RAID1 robust read and read/write correct patch

linux-raid.vger.kernel.org archive mirror
 help / color / mirror / Atom feed

* RAID1 robust read and read/write correct patch
@ 2005-02-23 11:01 J. David Beutel
  2005-02-23 11:50 ` Peter T. Breuer
  0 siblings, 1 reply; 4+ messages in thread
From: J. David Beutel @ 2005-02-23 11:01 UTC (permalink / raw)
  To: linux-raid

I'd like to try this patch 
http://marc.theaimsgroup.com/?l=linux-raid&m=110704868115609&w=2 with 
EVMS BBR.

Has anyone tried it on 2.6.10 (with FC2 1.9 and EVMS patches)?  Has 
anyone tried the rewrite part at all?  I don't know md or the kernel or 
this patch, but the following lines of the patch seem suspicious to me.  
Should it set R1BIO_ReadRewrite instead?  That bit gets tested later, 
whereas it seems like R1BIO_ReadRetry is never tested and 
R1BIO_ReadRewrite is never set.

+#ifdef DO_ADD_READ_WRITE_CORRECT
+	        else    /* tell next time we're here that we're a retry */
+	                set_bit(R1BIO_ReadRetry, &r1_bio->state);
+#endif /* DO_ADD_READ_WRITE_CORRECT */

Cheers,
11011011

^ permalink raw reply	[flat|nested] 4+ messages in thread

* Re: RAID1 robust read and read/write correct patch
  2005-02-23 11:01 RAID1 robust read and read/write correct patch J. David Beutel
@ 2005-02-23 11:50 ` Peter T. Breuer
  2005-02-23 20:48   ` J. David Beutel
  0 siblings, 1 reply; 4+ messages in thread
From: Peter T. Breuer @ 2005-02-23 11:50 UTC (permalink / raw)
  To: linux-raid

J. David Beutel <jdb@getsu.com> wrote:
> I'd like to try this patch 
> http://marc.theaimsgroup.com/?l=linux-raid&m=110704868115609&w=2 with 
> EVMS BBR.
> 
> Has anyone tried it on 2.6.10 (with FC2 1.9 and EVMS patches)?  Has 
> anyone tried the rewrite part at all?  I don't know md or the kernel or 
> this patch, but the following lines of the patch seem suspicious to me.  
> Should it set R1BIO_ReadRewrite instead?  That bit gets tested later, 
> whereas it seems like R1BIO_ReadRetry is never tested and 
> R1BIO_ReadRewrite is never set.
> 
> +#ifdef DO_ADD_READ_WRITE_CORRECT
> +               else    /* tell next time we're here that we're a retry */
> +                       set_bit(R1BIO_ReadRetry, &r1_bio->state);
> +#endif /* DO_ADD_READ_WRITE_CORRECT */

Quite possibly - I never tested the rewrite part of the patch, just
wrote it to indicate how it should go and stuck it in to encourage
others to go on from there.  It's disabled by default.  You almost
certainly don't want to enable it unless you are a developer (or a
guinea pig :).

As I recall I set a new flag (don't remember offhand what it is called)
to help the code understand that it is dealing with a retry, which in
turn helps the patch be more modular and not introduce extra program
state.

Let me look ...

Yes, the only flag added for the write correction stuff was this in raid1.h:

+#ifdef DO_ADD_READ_WRITE_CORRECT
+#define R1BIO_ReadRewrite  7
+#endif /* DO_ADD_READ_WRITE_CORRECT */

So hmmmmmmm. Let me look at what the "hidden" (disabled, whatever) part
of the patch does. It's a patch entirely to raid1.c (plus one bit
definition in raid1.h).

The first part of the patch is the couple of lines you noted above,
which simply mark the master bio to say that we have had a failure
on read here that would normally cause a disk expulsion, and we haven't
done it. Those lines are harmless in themselves (out of context). They
are in raid1_end_read_request() and the (mirrored) request in question
has just failed to read on its target device.

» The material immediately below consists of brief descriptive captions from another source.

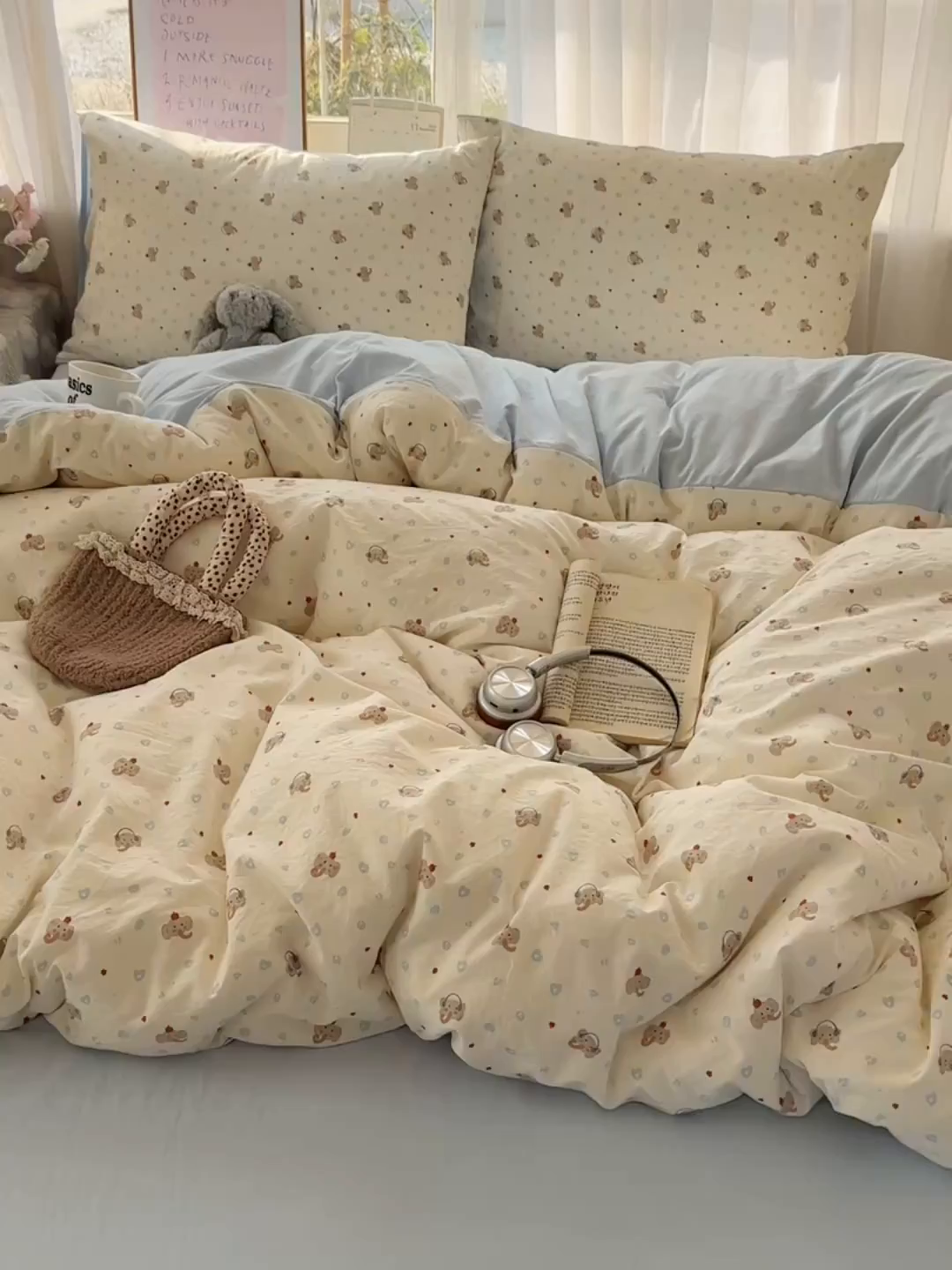 91家纺网 家纺一手货源 找家纺 沐芷 2026 【提供买家秀】古法水洗仿棉A类四件套床上用品三件套被套被罩床笠款---第二波 爱乐之象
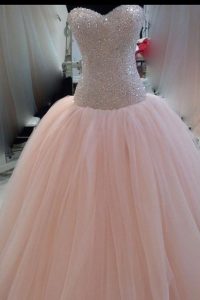 Perfect Pink Ball Gowns Tulle Sweetheart Sleeveless Beading and Sequins and Bowknot Floor Length Zipper Evening Dress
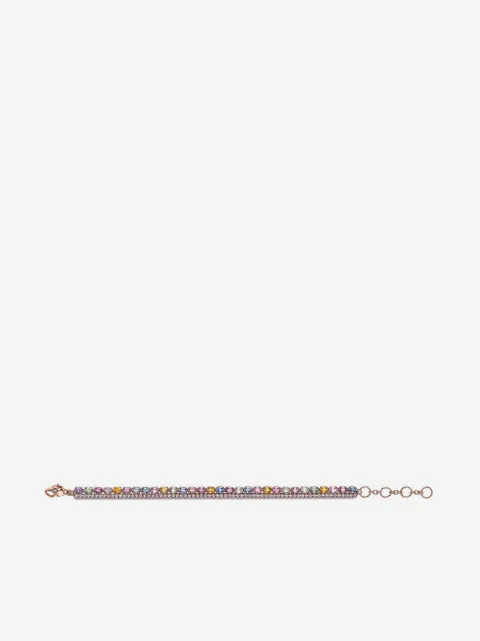 Pragnell pulsera en oro amarillo de 18kt con diamante y zafiros de colores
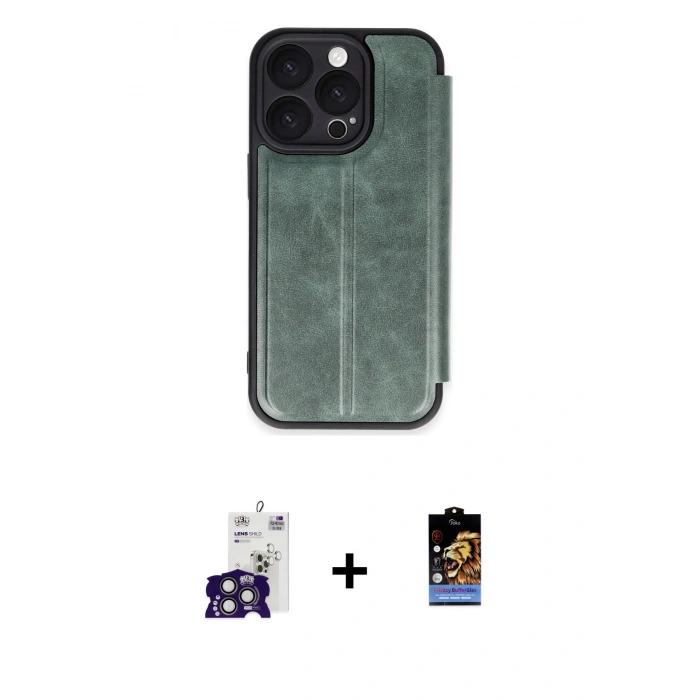 MARSİLYAN™- iPhone 16 Pro Max Kılıf Zirve Yansıma Serisi - Siyah Buffer Hayalet Cam Ekran Koruyucu + Bilvis Titan Kamera Lens - TMGI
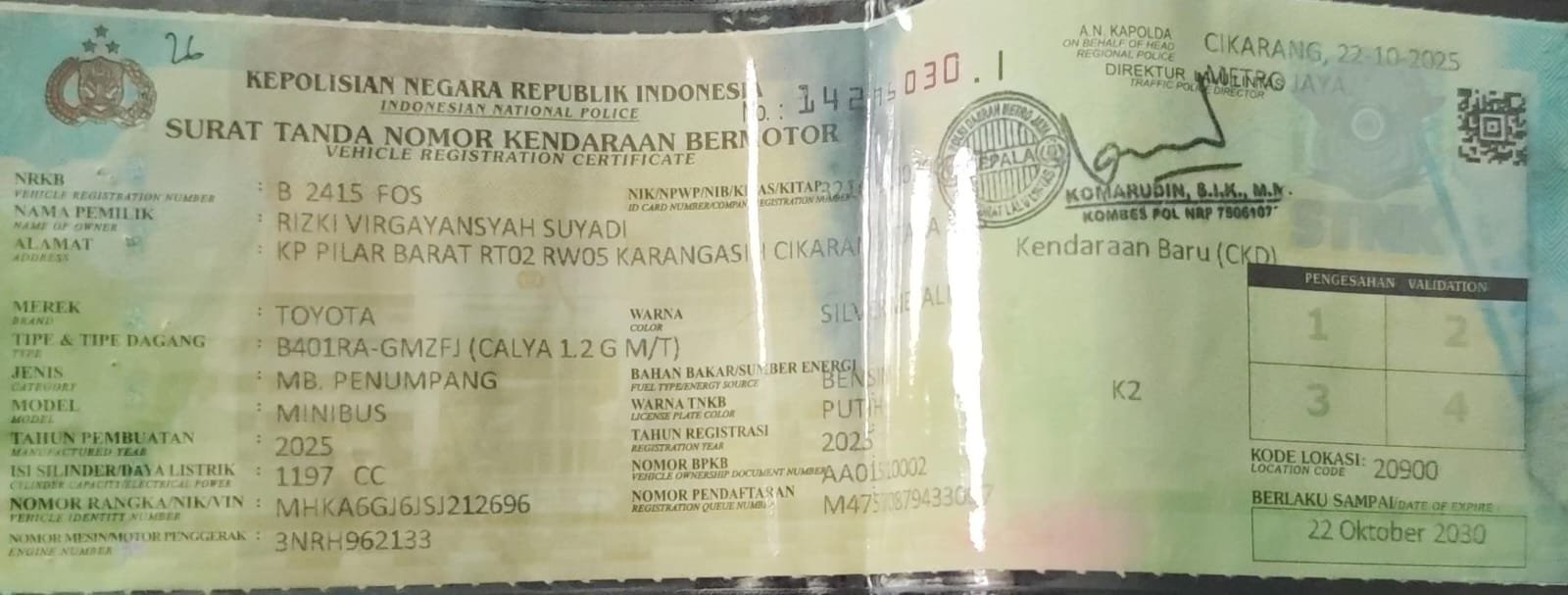 BPKB Mobil Toyota Calya Milik Warga Karangasih Hilang, Diduga Tercecer dari Lippo Cikarang hingga Rumah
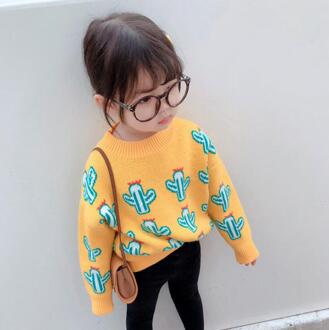 Winter mode cactus patroon gebreide casual truien meisjes warme kerngaren lange mouwen truien Geel / 2T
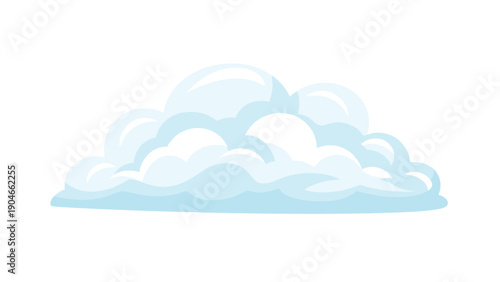 Soft blue and white fluffy cloud illustration on a plain white background for sky and weather themed graphic designs.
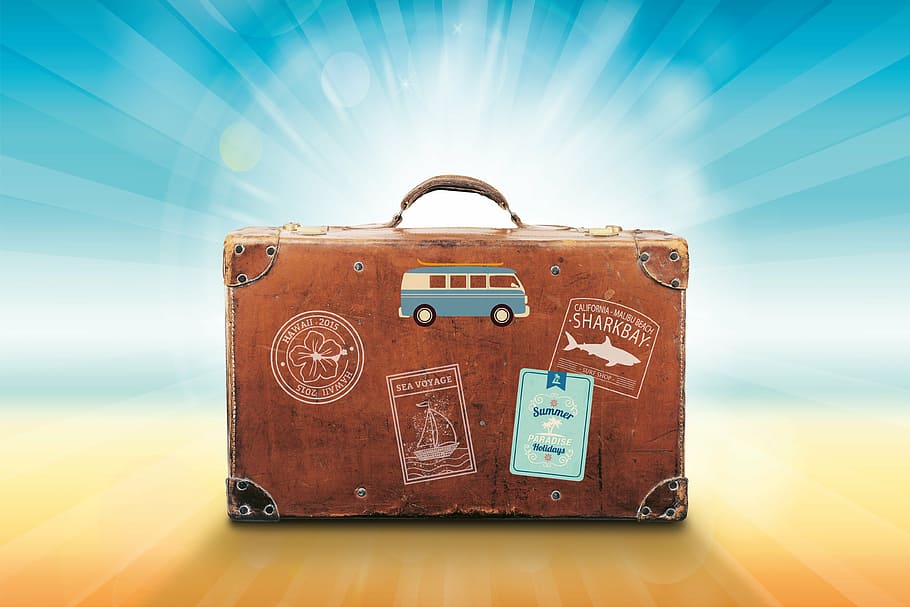 marrón, azul, maleta, equipaje, vacaciones, viajes, verano, mar, sol, recuperación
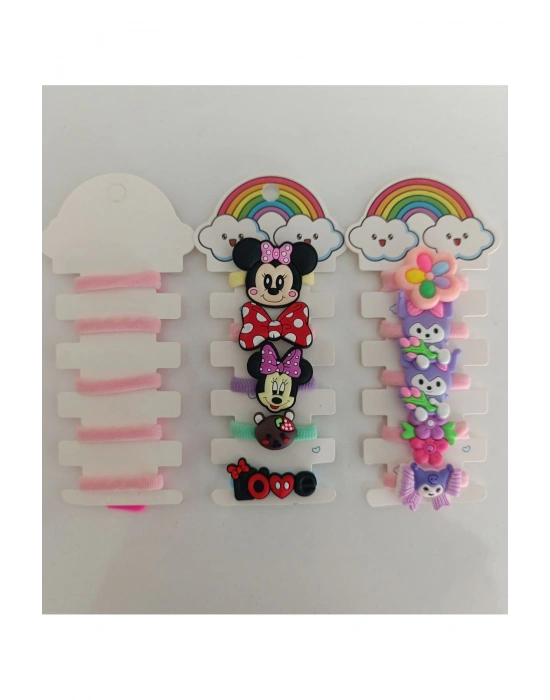 Lily Lastikli Çocuk Tokası Seti 15 Adet Figürlü Lastikli Silikon Çocuk Tokası Seti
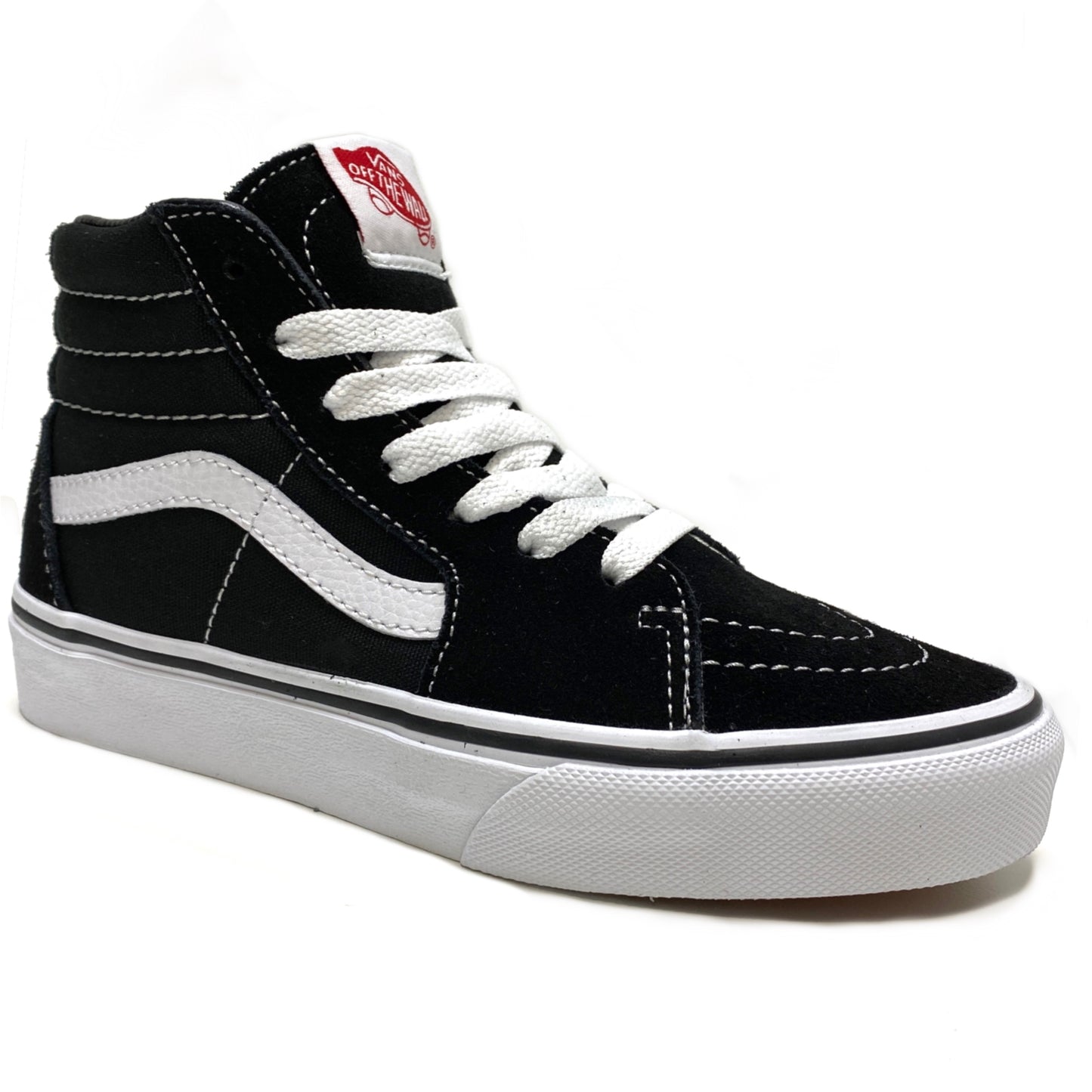 VANS SK8-HI BLACK & WHITE KIDS TRAINERS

The second part of the patch is lower down in the same function and
will not be activated in the situation that the previous hunk was
activated. The hunk says:

#ifdef DO_ADD_READ_WRITE_CORRECT
                if (uptodate && test_bit(R1BIO_ReadRewrite, &r1_bio->state)) {
                        /* Success at last - rewrite failed reads */
                        set_bit(R1BIO_IsSync, &r1_bio->state);
                        reschedule_retry(r1_bio);
                } else
#endif /* DO_ADD_READ_WRITE_CORRECT */

(the "uptdate" guarantees that we're not in the same invocation as
before if we get here, because the previous hunk was active only in the
!uptodate case). I believe therefore that a previous failed
read retried on another target and we are now in the retry, which has
succeeded. I therefore believe that we should be testing the same bit
as we set before. The R1BIO_ReadRetry bit is not tested anywhere else -
I  believe it should be tested now. That will tell us that this is a
retry and we want to try and start a write based on our successful
read, hoping that the write will mend whatever has gone wrong on the
disk.

So yes, the patch in the second hunk should read

#ifdef DO_ADD_READ_WRITE_CORRECT
                if (uptodate && test_bit(R1BIO_ReadRetry, &r1_bio->state)) {
                        /* Success at last - rewrite failed reads */
                        set_bit(R1BIO_IsSync, &r1_bio->state);
                        reschedule_retry(r1_bio);
                } else
#endif /* DO_ADD_READ_WRITE_CORRECT */

I clearly wasn't concentrating on the name of the bit. I was more
worried about the mechanism that might trigger a rewrite attempt
(sufficiently worried not to test it myself!). The idea is that
we launch reschedule_retry() which should put the request on a queue to
be dealt with by the raid1d daemon thread.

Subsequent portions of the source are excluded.